On the video, as the camera moved into the mosque Saturday, a Marine can be heard shouting obscenities in the background, yelling that one of the men was only pretending to be dead.

"He's (expletive) faking he's dead!"

"Yeah, he's breathing," another Marine is heard saying.

"He's faking he's (expletive) dead!" the first Marine says.

The video then showed a Marine raising his rifle toward an Iraqi lying on the floor of the mosque. The video shown by NBC and provided to the network pool was blacked out at that point and did not show the bullet hitting the man. But a rifle shot could be heard.

"He's dead now," a Marine is heard saying.


The article quotes the Third Geneva Convention:


The Third Geneva Convention, the section of the 1949 treaty that applies to prisoners of war, says "persons taking no active part in the hostilities, including members of armed forces who have laid down their arms and those placed hors de combat (out of combat) by sickness, wounds, detention, or any other cause, shall in all circumstances be treated humanely."


But as far as I understand the convention, it doesn't really apply here. The Geneva Convention also says that it applies to combatants that wear clearly marked insignia, of having a clear chain of command, etc.

Clearly this doesn't justify shooting an unarmed person in the head, but what rules are at work here? The story also notes:


The judge advocate general heading the investigation, Lt. Col. Bob Miller, was asked by NBC News whether it was possible the Marine was acting in self-defense.

"The policy of the rules of engagement authorize the Marines to use force when presented with a hostile act or hostile intent," Miller said. "So they would have to be using force in self-defense, yes."

"Any wounded - in this case insurgents - who don't pose a threat would not be considered hostile," said Miller.

Charles Heyman, a senior defense analyst with Jane's Consultancy Group in Britain, defended the Marine's actions, saying the wounded man could have been concealing a firearm or grenade.

"In a combat infantry soldier's training, he is always taught that his enemy is at his most dangerous when he is severely wounded," Heyman said.

If the injured man makes even the slightest move, "in my estimation they would be justified in shooting him."

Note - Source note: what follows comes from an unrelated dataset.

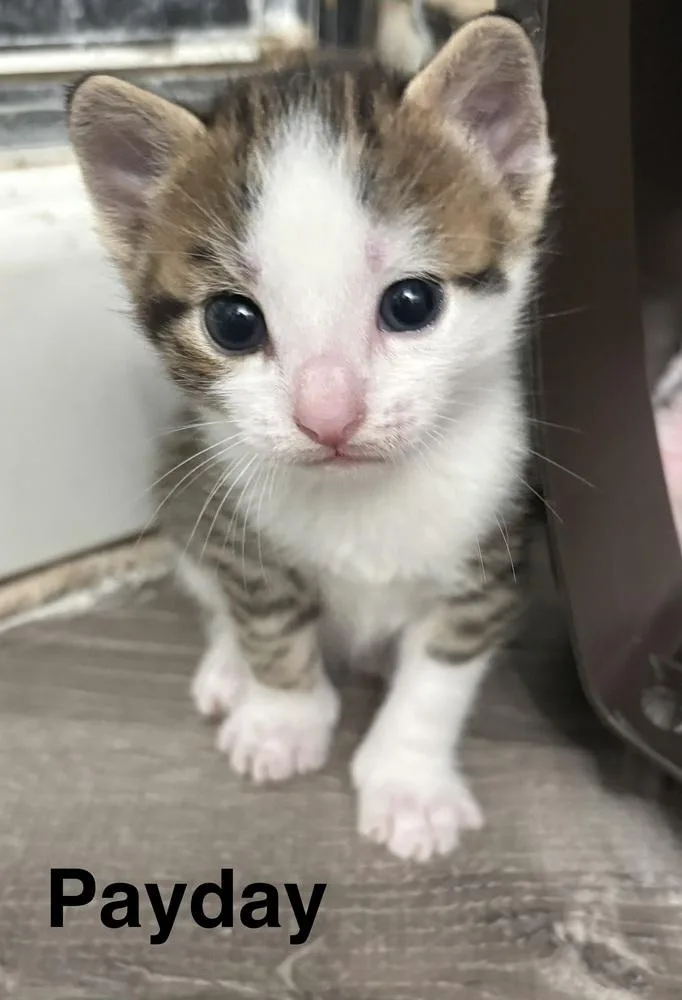 A baby small-sized male Black & White / Tuxedo American Shorthair cat named Payday for adoption in Telford, PA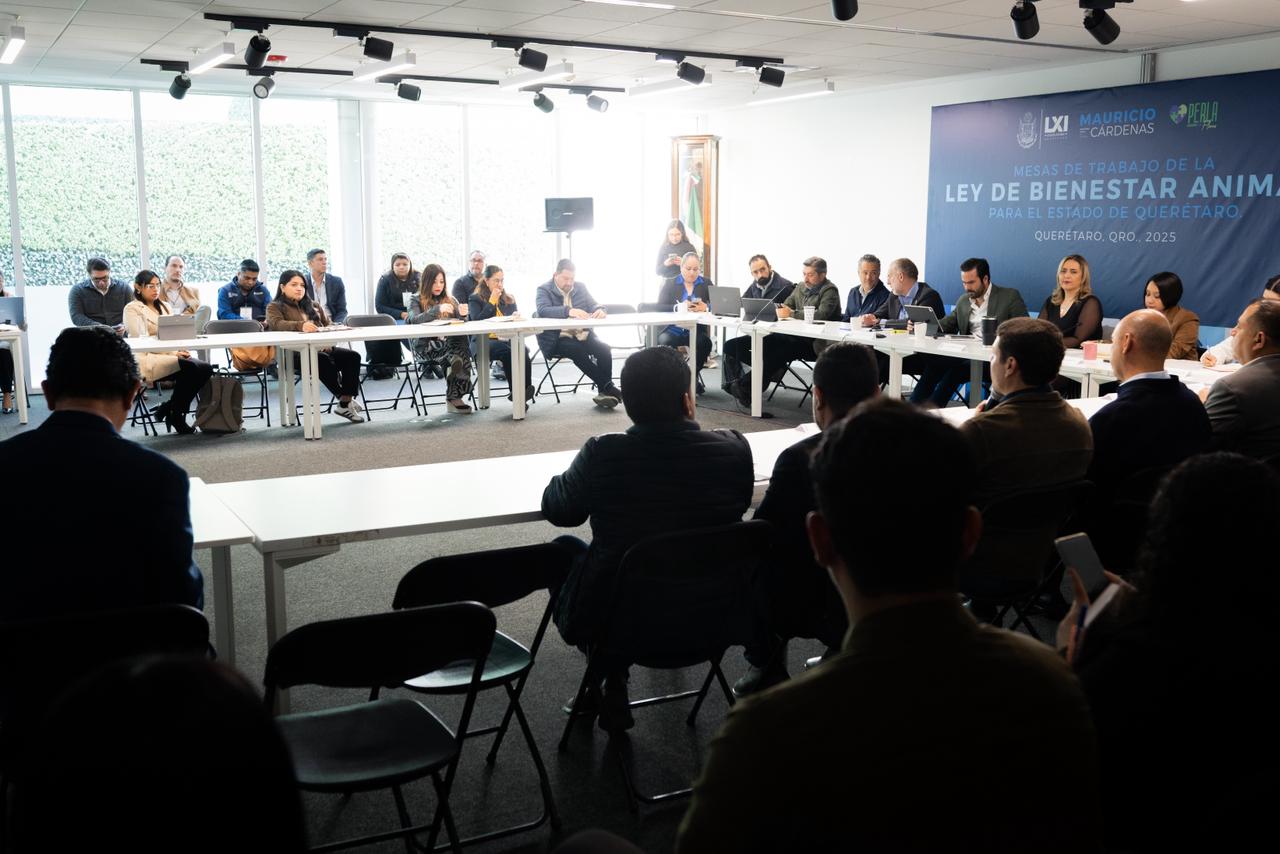 Impulso a Ley de Bienestar Animal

Okay, so there are experts that disagree on the rules of engagement...how the heck is a grunt supposed to make such distinctions clearly in the middle of conflict?

The story also says:


Sites reported that a Marine in the same unit had been killed a day earlier when he tended to the booby-trapped dead body of an insurgent.


So presumably the unit was wary and jumpy. Again, this doesn't necessarily excuse shooting a wounded, unarmed man, but it seems to me that this may not be a clear-cut case, before any hard conclusions are drawn.

At least we have embedded reporters and a free, widespread press to attempt to make war more transparent.